→ **ACTIVITY**
For each line in the data below, write an exact copy.

→ **INPUT DATA**

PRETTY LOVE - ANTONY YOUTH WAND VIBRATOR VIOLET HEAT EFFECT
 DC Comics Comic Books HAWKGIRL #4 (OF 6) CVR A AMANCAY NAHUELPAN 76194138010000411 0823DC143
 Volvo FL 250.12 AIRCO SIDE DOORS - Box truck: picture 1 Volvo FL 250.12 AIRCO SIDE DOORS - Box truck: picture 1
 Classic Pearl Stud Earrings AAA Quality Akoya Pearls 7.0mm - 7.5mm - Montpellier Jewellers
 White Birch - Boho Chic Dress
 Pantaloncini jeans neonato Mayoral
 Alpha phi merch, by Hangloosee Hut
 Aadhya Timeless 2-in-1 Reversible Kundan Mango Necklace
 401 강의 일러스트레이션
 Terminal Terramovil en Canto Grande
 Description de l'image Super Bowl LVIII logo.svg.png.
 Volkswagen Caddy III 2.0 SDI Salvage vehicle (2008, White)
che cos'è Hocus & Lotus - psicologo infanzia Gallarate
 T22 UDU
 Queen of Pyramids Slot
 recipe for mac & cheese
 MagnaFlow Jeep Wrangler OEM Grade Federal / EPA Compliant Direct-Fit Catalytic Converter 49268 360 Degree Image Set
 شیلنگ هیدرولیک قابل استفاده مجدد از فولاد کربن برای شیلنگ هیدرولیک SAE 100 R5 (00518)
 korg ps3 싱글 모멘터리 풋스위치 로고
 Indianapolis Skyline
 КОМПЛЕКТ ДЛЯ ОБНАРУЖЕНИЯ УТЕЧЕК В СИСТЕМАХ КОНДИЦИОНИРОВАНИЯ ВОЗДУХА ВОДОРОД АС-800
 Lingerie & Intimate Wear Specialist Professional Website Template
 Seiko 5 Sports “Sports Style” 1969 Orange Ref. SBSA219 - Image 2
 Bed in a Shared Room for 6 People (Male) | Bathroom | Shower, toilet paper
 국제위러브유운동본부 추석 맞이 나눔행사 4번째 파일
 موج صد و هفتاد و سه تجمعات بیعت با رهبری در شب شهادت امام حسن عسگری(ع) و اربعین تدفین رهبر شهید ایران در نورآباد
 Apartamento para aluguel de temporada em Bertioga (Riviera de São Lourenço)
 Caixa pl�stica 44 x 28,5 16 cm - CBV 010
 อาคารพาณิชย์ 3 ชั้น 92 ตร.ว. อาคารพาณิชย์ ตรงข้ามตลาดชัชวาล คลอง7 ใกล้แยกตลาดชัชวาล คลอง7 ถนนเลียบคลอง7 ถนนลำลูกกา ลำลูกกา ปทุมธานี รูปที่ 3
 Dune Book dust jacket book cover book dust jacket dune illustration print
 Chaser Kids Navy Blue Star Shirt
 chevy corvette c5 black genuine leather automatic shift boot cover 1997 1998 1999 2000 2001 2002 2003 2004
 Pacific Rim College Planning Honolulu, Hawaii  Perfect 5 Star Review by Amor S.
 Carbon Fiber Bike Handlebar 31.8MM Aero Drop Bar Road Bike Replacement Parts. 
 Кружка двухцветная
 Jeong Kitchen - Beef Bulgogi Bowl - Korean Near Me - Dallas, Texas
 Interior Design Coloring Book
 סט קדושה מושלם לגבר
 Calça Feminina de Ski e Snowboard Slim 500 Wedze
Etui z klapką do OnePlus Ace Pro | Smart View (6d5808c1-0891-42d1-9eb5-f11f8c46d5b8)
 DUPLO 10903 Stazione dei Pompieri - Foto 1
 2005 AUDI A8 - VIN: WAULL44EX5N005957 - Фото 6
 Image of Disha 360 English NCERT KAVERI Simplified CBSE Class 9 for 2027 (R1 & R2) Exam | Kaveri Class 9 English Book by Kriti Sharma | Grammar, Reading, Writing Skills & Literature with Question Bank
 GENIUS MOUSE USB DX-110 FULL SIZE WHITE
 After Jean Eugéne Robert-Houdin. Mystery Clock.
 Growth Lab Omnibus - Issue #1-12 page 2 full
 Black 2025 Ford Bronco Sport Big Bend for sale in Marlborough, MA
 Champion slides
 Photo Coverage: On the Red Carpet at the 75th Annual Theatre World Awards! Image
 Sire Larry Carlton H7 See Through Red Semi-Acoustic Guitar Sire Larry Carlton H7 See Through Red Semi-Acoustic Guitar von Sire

→ **TASK ANSWER**
PRETTY LOVE - ANTONY YOUTH WAND VIBRATOR VIOLET HEAT EFFECT
 DC Comics Comic Books HAWKGIRL #4 (OF 6) CVR A AMANCAY NAHUELPAN 76194138010000411 0823DC143
 Volvo FL 250.12 AIRCO SIDE DOORS - Box truck: picture 1 Volvo FL 250.12 AIRCO SIDE DOORS - Box truck: picture 1
 Classic Pearl Stud Earrings AAA Quality Akoya Pearls 7.0mm - 7.5mm - Montpellier Jewellers
 White Birch - Boho Chic Dress
 Pantaloncini jeans neonato Mayoral
 Alpha phi merch, by Hangloosee Hut
 Aadhya Timeless 2-in-1 Reversible Kundan Mango Necklace
 401 강의 일러스트레이션
 Terminal Terramovil en Canto Grande
 Description de l'image Super Bowl LVIII logo.svg.png.
 Volkswagen Caddy III 2.0 SDI Salvage vehicle (2008, White)
che cos'è Hocus & Lotus - psicologo infanzia Gallarate
 T22 UDU
 Queen of Pyramids Slot
 recipe for mac & cheese
 MagnaFlow Jeep Wrangler OEM Grade Federal / EPA Compliant Direct-Fit Catalytic Converter 49268 360 Degree Image Set
 شیلنگ هیدرولیک قابل استفاده مجدد از فولاد کربن برای شیلنگ هیدرولیک SAE 100 R5 (00518)
 korg ps3 싱글 모멘터리 풋스위치 로고
 Indianapolis Skyline
 КОМПЛЕКТ ДЛЯ ОБНАРУЖЕНИЯ УТЕЧЕК В СИСТЕМАХ КОНДИЦИОНИРОВАНИЯ ВОЗДУХА ВОДОРОД АС-800
 Lingerie & Intimate Wear Specialist Professional Website Template
 Seiko 5 Sports “Sports Style” 1969 Orange Ref. SBSA219 - Image 2
 Bed in a Shared Room for 6 People (Male) | Bathroom | Shower, toilet paper
 국제위러브유운동본부 추석 맞이 나눔행사 4번째 파일
 موج صد و هفتاد و سه تجمعات بیعت با رهبری در شب شهادت امام حسن عسگری(ع) و اربعین تدفین رهبر شهید ایران در نورآباد
 Apartamento para aluguel de temporada em Bertioga (Riviera de São Lourenço)
 Caixa pl�stica 44 x 28,5 16 cm - CBV 010
 อาคารพาณิชย์ 3 ชั้น 92 ตร.ว. อาคารพาณิชย์ ตรงข้ามตลาดชัชวาล คลอง7 ใกล้แยกตลาดชัชวาล คลอง7 ถนนเลียบคลอง7 ถนนลำลูกกา ลำลูกกา ปทุมธานี รูปที่ 3
 Dune Book dust jacket book cover book dust jacket dune illustration print
 Chaser Kids Navy Blue Star Shirt
 chevy corvette c5 black genuine leather automatic shift boot cover 1997 1998 1999 2000 2001 2002 2003 2004
 Pacific Rim College Planning Honolulu, Hawaii  Perfect 5 Star Review by Amor S.
 Carbon Fiber Bike Handlebar 31.8MM Aero Drop Bar Road Bike Replacement Parts. 
 Кружка двухцветная
 Jeong Kitchen - Beef Bulgogi Bowl - Korean Near Me - Dallas, Texas
 Interior Design Coloring Book
 סט קדושה מושלם לגבר
 Calça Feminina de Ski e Snowboard Slim 500 Wedze
Etui z klapką do OnePlus Ace Pro | Smart View (6d5808c1-0891-42d1-9eb5-f11f8c46d5b8)
 DUPLO 10903 Stazione dei Pompieri - Foto 1
 2005 AUDI A8 - VIN: WAULL44EX5N005957 - Фото 6
 Image of Disha 360 English NCERT KAVERI Simplified CBSE Class 9 for 2027 (R1 & R2) Exam | Kaveri Class 9 English Book by Kriti Sharma | Grammar, Reading, Writing Skills & Literature with Question Bank
 GENIUS MOUSE USB DX-110 FULL SIZE WHITE
 After Jean Eugéne Robert-Houdin. Mystery Clock.
 Growth Lab Omnibus - Issue #1-12 page 2 full
 Black 2025 Ford Bronco Sport Big Bend for sale in Marlborough, MA
 Champion slides
 Photo Coverage: On the Red Carpet at the 75th Annual Theatre World Awards! Image
 Sire Larry Carlton H7 See Through Red Semi-Acoustic Guitar Sire Larry Carlton H7 See Through Red Semi-Acoustic Guitar von Sire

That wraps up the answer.